I can not allow myself to hesitate anymore. I should get rid of everything, because it will never be what I wanted it to be. This was never my dream, I deserve to be treated so much better. My mission now is to literally take everything that he gave after out break, at the time he tried to show me a better side of himself which for days turned out to be a lie, just like everything with him- and just like everything with cigarettes. I should take a picture of everything and upload it to my computer, and then pack all of the tobacco and my ex's "gifts" together and go through them to the sea, letting go of this imaginary trauma I keep going through every time I see him. I should let him go, and let go of everything that hurts my health.

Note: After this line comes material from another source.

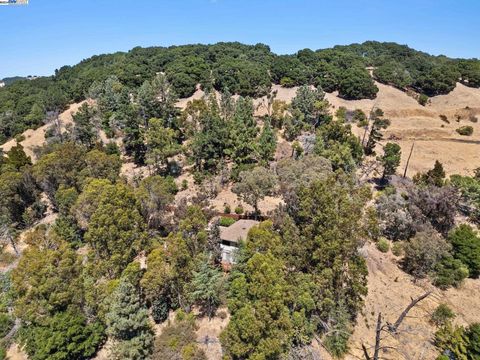 A home in El Sobrante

I should switch cigarettes to apples and hand cream, weed must become a bonus for a good profitable week, and only for the weekend when it is a day off, just like my 2019 goals say.


My plan should be complete by the end of tomorrow


I will clean and reorganize my house, so I could clean my home and bring some new energy in it. I must make me a check list and work by it. It is always better to be organized at work; know exactly what your tasks are and do them step by step. Like one smart lady said: "when you divide your goals into bite-size pieces it is much easier to reach the top", or something like that, but that was the point. Make a list with as much information possible and just make them happen one by one.


Things I should get rid of:


1. Alcohol- must go to somebody who drinks, so as the smoking equipment in a case he roles cigarettes. I'm only thinking about our doorman, so I'll ask him if he wants it tomorrow first thing in the morning.

2. Tobacco and smoking equipment- I'm thinking of my new friend, and then there is the trash bin too for the unusable stuff. I should ask him if he wants all that shit, and if not then I'll bury it together with my ex's leftovers.

3. Unnecessary clothes- give them to people in need already! Just take the freaking bag whenever you want, ask someone to take you and that is it! Try to sell what is good enough for sale, why not? Make some money!


Things to change at home:


1. move the furniture in my living room- I remember when my room was looking so much better, and I really want it back. Of course, it is going to be a lot of hard work, but in the end it will be so much better then now!

2. Clean the house properly, vacuum and wash it everywhere as I like it, make some freshness and comfort.

3. Clean the porch- wash the floor, fix the freaking table, move everything to a normal position.

4. Reorganize the kitchen- sell everything I don't need and put things in the right places for them.


And of course, before everything I must complete and stick to my morning routine: Walk and run with Harry, Yoga, shower and a healthy breakfast and of course, write- everything. Tomorrow is the beginning of the last month of winter, and for me it is great news! I feel like it is going to be the month that everything will change, I actually feel it with every breath I take, I must do everything right this time, do not betray myself again, or else I will never have what I want. So I could be able to do all that, I must go to bed on time and have my 8 hours of sleep. So Right now I am going to sleep, and wait for the morning to begin my biggest challenge so far; start doing it right for myself full time. I must quit smoking, and I must quit thinking about my ex.

Both of them hurt me the most in the long term, even though in the short term I used to thing their making me good. I'm letting go of my self hate, I'm letting go of the hand that hold me down, I am letting go of the habit to fall to my knees for any reason which isn't yoga, I am letting go of any habit which isn't healthy for me.


P.s. What an irony, the bar outside my house is playing the song "let her go- the passenger" exactly at the moment I write the last lines of this post.